Cyclopedia of Biblical, Theological and Ecclesiastical Literature [2]
is the name of one of the two great epic poems of ancient India (for the other, (See Maha-Bharata) ). Its subject-matter is the history of Rama, one of the incarnations of Vishnu (q.v., and (See Rama) ), and its reputed author is Valmiki, who is said to have taught his poem to the two sons of Rama, the hero of the history; and, according to this legend, would have been a contemporary of lama himself. But though this latter account is open to much doubt, it seems certain that Valmiki — unlike Vyassa (q.v.), the supposed compiler of the Mahabharata — was a real personage; and, moreover, that the Ramayana was the work of one single poet-not like the Mahabharata, the creation of various epochs and different minds. As a poetical composition, the Ramayana is therefore far superior to the Mahabharata; and it may be called the best great poem of ancient India, fairly claiming a rank in the literature of the world equal to that of the epic poetry of Homer. Whereas the character of the Mahabharata is cyclopoedical, its main subject-matter overgrown by episodes of the most diversified nature, its diction differing in merit, both from a poetical and grammatical point of view, according to the ages that worked at its completion — the Ramayana has but one object in view, the history of Rama. Its episodes are rare, and restricted to the early portion of the work, and its poetical diction betrays throughout the same finish and the same poetical genius. Nor can there be any reasonable doubt as to the relative ages of both poems, provided that we look upon the Mahabharata in the form in which it is preserved as a whole. Whether we apply as a test the aspect of the religious life, or the geographical and other knowledge displayed in the one and the other work, the Ramayana appears as the older of the two. Since it is the chief source whence our information of the Rama incarnation of Vishnu is derived, its contents may be gathered from that portion of the article VISHNU (See Vishnu) which relates to Ramachandra.
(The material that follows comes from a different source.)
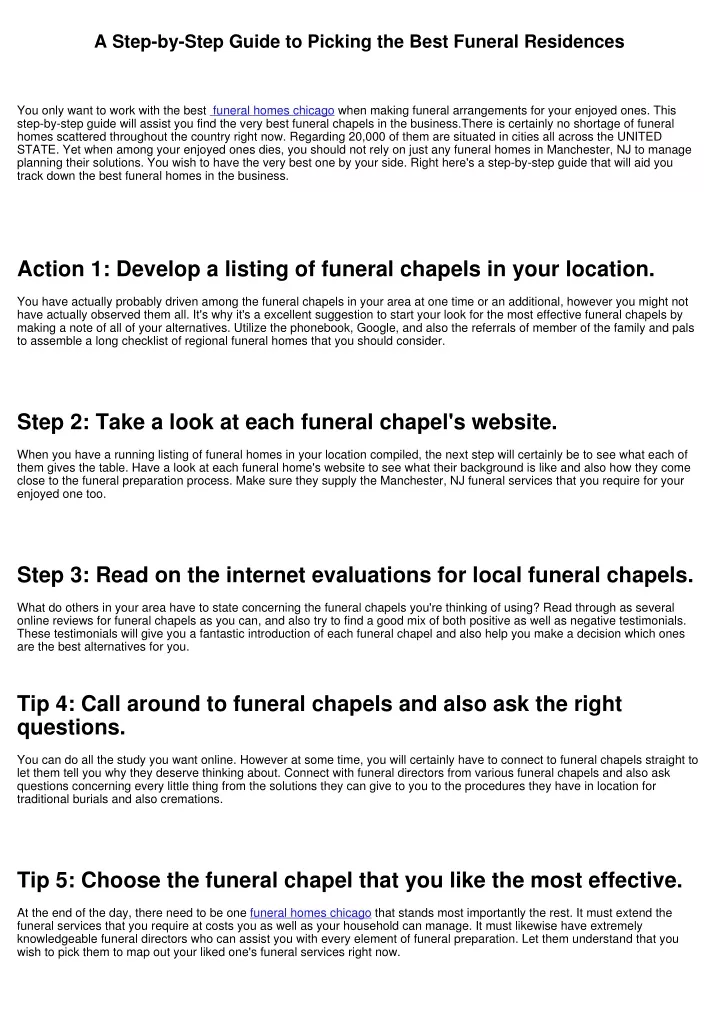 a step by step guide to picking the best funeral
The Ramayana contains (professedly) 24,000 epic verses, or Slokats , in seven books, or Kandas , called the Bdla-Ay-Odlhya- , Aranyac-, Kishkindhad-, Sundara-, Yuddha- (or Lankca-), and Uttara- kanda.
The text which has come down to us exhibits, in different sets of manuscripts, such considerable discrepancies that it becomes necessary to speak of two recensions in which it now exists. This remarkable fact was first made known by A. W. von Schlegel, who, in Europe, was the first to attempt a critical edition of this poem; it is now fully corroborated by a comparison that may be made between the printed editions of both texts. The one is more concise in its diction, and has less tendency than the other to that kind of descriptive enlargement of facts and sentiments which characterizes the later poetry of India; it often also exhibits grammatical forms and peculiarities of an archaic stamp, where the other studiously avoids that which must have appeared to its editors in the light of a grammatical difficulty. In short, there canl be little doubt that the former is the older and more genuine, and the latter the more recent, and in some respects more spurious, text. A complete edition of the older text, with two commentaries, was published at Madras in 1856 (in the Telugu characters, vol. i-iii); another edition of the same text, with a short commentary, appeared at Calcutta in two volumes (1860), and a more careful and elegant one at Bombay (1861). Of the later edition, Gaspare Gorresio has edited the first six books (vol. i-v, Paris, 1843-50) without a commentary, but with an Italian, somewhat free, translation in poetical prose (vol. i-x, Paris, 184758). Former attempts at an edition and translation of the Ramayana remained unfortunately incomplete. The earliest was that made by William Carey and Joshua Marshman, who edited the first two books, and added to the text a prose translation in English and explanatory notes (vol. i-iii, Serampore, 1806-10; and vol. i, containing the first book, Dunstable, 1808). Another edition, of an eclectic nature, is that by A. W. von Schlegel; it contains the first two books of the text, and an excellent Latin translation of the first book and twenty chapters of the second (vol. i, pts. i and ii, and vol. ii, pt. i, Bonn, 1846). Various episodes from the Ramayana, it may also be added, have at various times occupied sundry editors and translators.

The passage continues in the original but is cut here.